Aravind Adiga was born in India in 1974 and attended Columbia and Oxford universities. A former correspondent for Time magazine, he has also been published in the Financial Times. He lives in Mumbai, India.

Book Synopsis

Welcome to Kittur, India. It's on India's southwestern coast, bounded by the Arabian Sea to the west and the Kaliamma River to the south and east. It's blessed with rich soil and scenic beauty, and it's been around for centuries. Of its 193,432 residents, only 89 declare themselves to be without religion or caste. And if the characters in Between the Assassinations are any indication, Kittur is an extraordinary crossroads of the brightest minds and the poorest morals, the up-and-coming and the downtrodden, and the poets and the prophets of an India that modern literature has rarely addressed.

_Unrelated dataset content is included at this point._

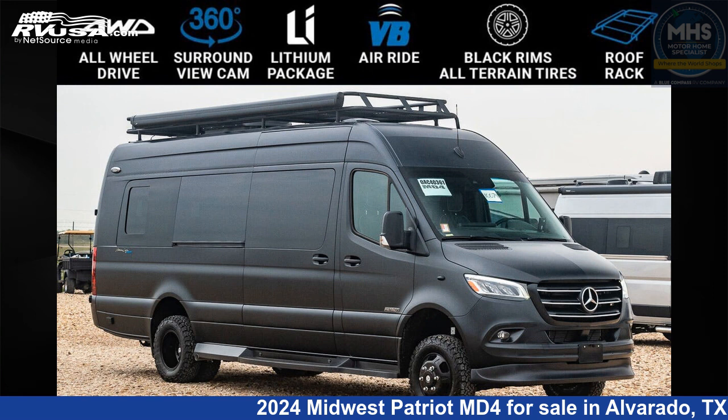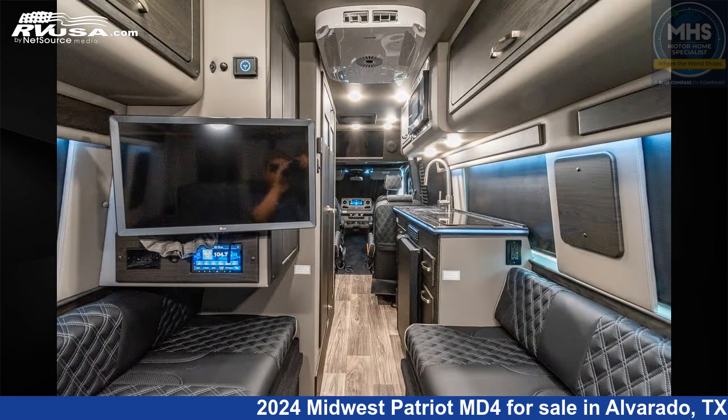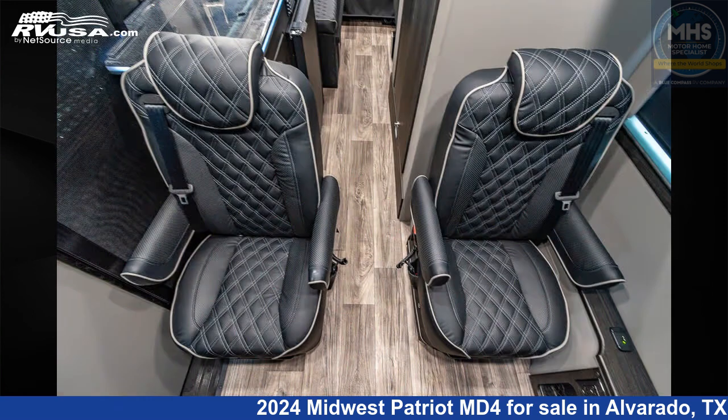This 2024 Midwest Patriot MD4 is a Class B RV. It is located in Alvarado, Texas, 76009 and is offered for sale by Motorhome Specialist. Click the link in the video description to visit RVUSA.com and see more photos as well as the current price.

A twelve-year-old boy named Ziauddin, a gofer at a tea shop near the railway station, is enticed into wrongdoing because a fair-skinned stranger treats him with dignity and warmth. George D'Souza, a mosquito-repellent sprayer, elevates himself to gardener and then chauffeur to the lovely, young Mrs. Gomes, and then loses it all when he attempts to be something more. A little girl's first act of love for her father is to beg on the street for money to support his drug habit. A factory owner is forced to choose between buying into underworld economics and blinding his staff or closing up shop. A privileged schoolboy, using his own ties to the Kittur underworld, sets off an explosive in a Jesuit-school classroom in protest against casteism. A childless couple takes refuge in a rapidly diminishing forest on the outskirts of town, feeding a group of "intimates" who visit only to mock them. And the loneliest member of the Marxist-Maoist Party of India falls in love with the one young woman, in the poorest part of town, whom he cannot afford to wed.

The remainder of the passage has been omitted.